If you file for bankruptcy in Kentucky, the Kentucky motor vehicle exemption allows you to protect $2,500 in equity in a carhelps determine whether you can keep your car, truck, van, or other vehicle if you file for Chapter 7 bankruptcy. Here you’ll find information about the Kentucky car exemption: how much it is, what types of vehicles it covers, how it works for married couples, how to find the applicable statute, and more.
(For more information about exemptions, including how they work and which ones you can use, see our Bankruptcy Exemptions area. For information specific to the motor vehicle exemption, see our Motor Vehicle Exemption in Bankruptcy area.)
Kentucky’s motor vehicle exemption plays a large role in determining whether or not the bankruptcy trustee can take your vehicle to repay your unsecured creditors. If the equity in your car is less than Kentucky’s car exemption, then the trustee cannot sell it. If the equity in your car is significantly more than the applicable exemption amount, the trustee is likely to sell your car to repay your unsecured creditors. For details, see The Motor Vehicle Exemption: Can You Keep Your Car in Chapter 7 Bankruptcy?

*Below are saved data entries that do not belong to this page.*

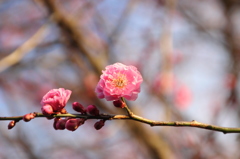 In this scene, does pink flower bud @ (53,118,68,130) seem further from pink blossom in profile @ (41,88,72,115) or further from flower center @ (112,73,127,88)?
flower center @ (112,73,127,88)

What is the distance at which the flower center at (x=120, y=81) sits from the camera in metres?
1.12

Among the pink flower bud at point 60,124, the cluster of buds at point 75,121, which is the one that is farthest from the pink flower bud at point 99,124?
the pink flower bud at point 60,124

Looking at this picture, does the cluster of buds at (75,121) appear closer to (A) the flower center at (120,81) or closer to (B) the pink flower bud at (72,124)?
(B) the pink flower bud at (72,124)

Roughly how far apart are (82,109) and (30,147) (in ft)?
9.08

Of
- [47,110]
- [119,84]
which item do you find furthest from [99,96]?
[47,110]

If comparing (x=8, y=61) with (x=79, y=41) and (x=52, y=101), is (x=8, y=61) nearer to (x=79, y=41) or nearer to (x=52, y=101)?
(x=79, y=41)

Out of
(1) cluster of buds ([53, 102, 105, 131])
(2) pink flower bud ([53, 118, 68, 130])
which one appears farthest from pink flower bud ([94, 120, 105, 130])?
(2) pink flower bud ([53, 118, 68, 130])

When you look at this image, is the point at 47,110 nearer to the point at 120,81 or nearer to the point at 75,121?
the point at 75,121

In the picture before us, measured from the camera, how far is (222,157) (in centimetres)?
408

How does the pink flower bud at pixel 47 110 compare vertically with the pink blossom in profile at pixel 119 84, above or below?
below

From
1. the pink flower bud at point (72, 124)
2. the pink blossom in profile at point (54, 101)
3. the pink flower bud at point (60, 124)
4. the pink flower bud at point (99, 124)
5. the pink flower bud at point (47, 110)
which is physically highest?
the pink blossom in profile at point (54, 101)

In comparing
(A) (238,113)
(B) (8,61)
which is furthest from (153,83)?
(B) (8,61)

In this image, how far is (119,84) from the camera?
1122 mm

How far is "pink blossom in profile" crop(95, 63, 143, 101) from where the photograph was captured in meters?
1.13
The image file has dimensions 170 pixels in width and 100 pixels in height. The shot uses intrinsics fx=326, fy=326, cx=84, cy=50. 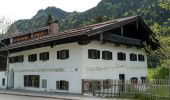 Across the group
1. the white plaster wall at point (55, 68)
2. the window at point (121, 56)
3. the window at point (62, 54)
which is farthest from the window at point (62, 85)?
the window at point (121, 56)

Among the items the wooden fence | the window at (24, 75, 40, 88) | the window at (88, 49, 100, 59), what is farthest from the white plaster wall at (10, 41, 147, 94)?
the wooden fence

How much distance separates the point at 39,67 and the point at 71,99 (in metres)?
10.5

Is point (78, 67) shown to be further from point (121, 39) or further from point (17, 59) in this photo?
point (17, 59)

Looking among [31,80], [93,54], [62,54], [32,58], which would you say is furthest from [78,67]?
[31,80]

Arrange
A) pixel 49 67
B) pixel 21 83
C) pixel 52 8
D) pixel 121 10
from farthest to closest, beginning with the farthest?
pixel 52 8, pixel 121 10, pixel 21 83, pixel 49 67

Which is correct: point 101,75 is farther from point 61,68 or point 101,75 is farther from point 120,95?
point 120,95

Keep in mind that even if your car is safe from the bankruptcy trustee, the lender may be able to repossess your car during or after bankruptcy. To learn more, see Your Car in Chapter 7 Bankruptcy and If You Are Behind on Your Car Payments, Can Chapter 7 Help?

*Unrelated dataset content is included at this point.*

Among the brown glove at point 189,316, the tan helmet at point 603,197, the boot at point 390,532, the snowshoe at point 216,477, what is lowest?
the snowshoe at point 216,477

In Kentucky, you can exempt up to $2,500 of equity in your car or other vehicle.
Example. Kelly owns a 2009 Toyota Corolla worth $11,000. She owes the dealer $9,000 on the loan, so there is $2,000 of equity in her car. Kelly can use the Kentucky motor vehicle exemption to fully protect her car if she files a Chapter 7 bankruptcy.
Kentucky allows you to choose between the state exemptions or the federal bankruptcy exemptions. The federal motor vehicle exemption amount changes every three years. To find the current amount, see our article The Federal Bankruptcy Exemptions.

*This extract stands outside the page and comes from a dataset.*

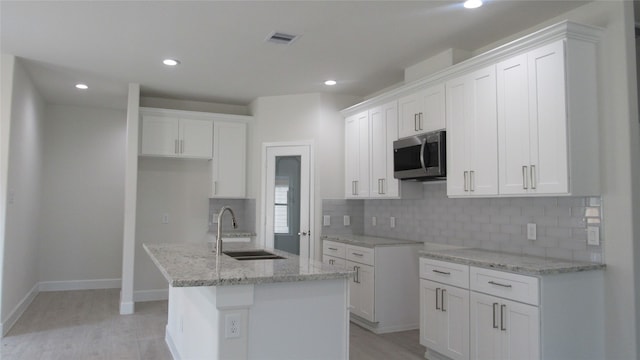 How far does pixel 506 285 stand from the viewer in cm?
294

If the equity in your car is more than $2,500, you may be able to protect the extra equity using a wildcard exemption. The Kentucky wildcard exemption allows you to protect up to $1,000 of equity in any property, including your vehicle. (To learn more, see The Kentucky Wildcard Exemption.)
Example. Kelly’s 2009 Toyota Corolla is worth $11,000, and she owes the dealer $7,500 on the loan. There is $3,500 of equity in her car. Kelly can combine the motor vehicle and the wildcard exemptions to protect all of the equity in her car in a Chapter 7 bankruptcy.
Some states allow married couples filing a joint bankruptcy petition to double the listed exemption amounts. Married couples filing bankruptcy in Kentucky can double their motor vehicle exemption to protect a total of $5,000 of vehicle equity.
(To learn about the advantages and disadvantages of joint bankruptcy filings, see Nolo's section on Bankruptcy Options for Married Couples).
The Kentucky exemption allows you to protect one motor vehicle, such as a car, truck, or van, and any necessary accessories, including one spare tire.
If you are a mechanic or a person who services mechanical or electrical equipment, or an attorney, minister, physician, surgeon, chiropractor, veterinarian, or dentist, you can protect up to $2,500 of equity in one motor vehicle and accessories, including one spare tire.
You can find Kentucky’s motor vehicle exemption at Ky. Rev. Stat. Ann. 427.010.